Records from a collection
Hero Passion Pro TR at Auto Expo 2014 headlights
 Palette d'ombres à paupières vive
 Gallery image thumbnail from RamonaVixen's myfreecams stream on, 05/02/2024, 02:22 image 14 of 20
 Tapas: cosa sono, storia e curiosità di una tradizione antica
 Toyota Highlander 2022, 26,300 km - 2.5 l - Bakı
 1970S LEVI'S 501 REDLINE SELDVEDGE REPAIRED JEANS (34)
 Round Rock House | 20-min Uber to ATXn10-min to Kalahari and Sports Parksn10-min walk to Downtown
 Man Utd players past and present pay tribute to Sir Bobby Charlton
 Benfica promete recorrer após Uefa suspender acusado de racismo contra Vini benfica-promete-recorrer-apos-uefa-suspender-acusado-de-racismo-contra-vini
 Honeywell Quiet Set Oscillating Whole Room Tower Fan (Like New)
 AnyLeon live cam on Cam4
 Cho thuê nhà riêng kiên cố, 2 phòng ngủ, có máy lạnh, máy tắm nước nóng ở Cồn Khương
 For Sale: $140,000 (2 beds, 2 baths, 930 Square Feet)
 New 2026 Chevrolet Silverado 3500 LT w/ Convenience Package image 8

_Goal of the exercise_
Copy the records above exactly, from the first line through the line containing "AnyLeon live cam on Cam4", and include nothing else.

_Reply to the exercise_
Hero Passion Pro TR at Auto Expo 2014 headlights
 Palette d'ombres à paupières vive
 Gallery image thumbnail from RamonaVixen's myfreecams stream on, 05/02/2024, 02:22 image 14 of 20
 Tapas: cosa sono, storia e curiosità di una tradizione antica
 Toyota Highlander 2022, 26,300 km - 2.5 l - Bakı
 1970S LEVI'S 501 REDLINE SELDVEDGE REPAIRED JEANS (34)
 Round Rock House | 20-min Uber to ATXn10-min to Kalahari and Sports Parksn10-min walk to Downtown
 Man Utd players past and present pay tribute to Sir Bobby Charlton
 Benfica promete recorrer após Uefa suspender acusado de racismo contra Vini benfica-promete-recorrer-apos-uefa-suspender-acusado-de-racismo-contra-vini
 Honeywell Quiet Set Oscillating Whole Room Tower Fan (Like New)
 AnyLeon live cam on Cam4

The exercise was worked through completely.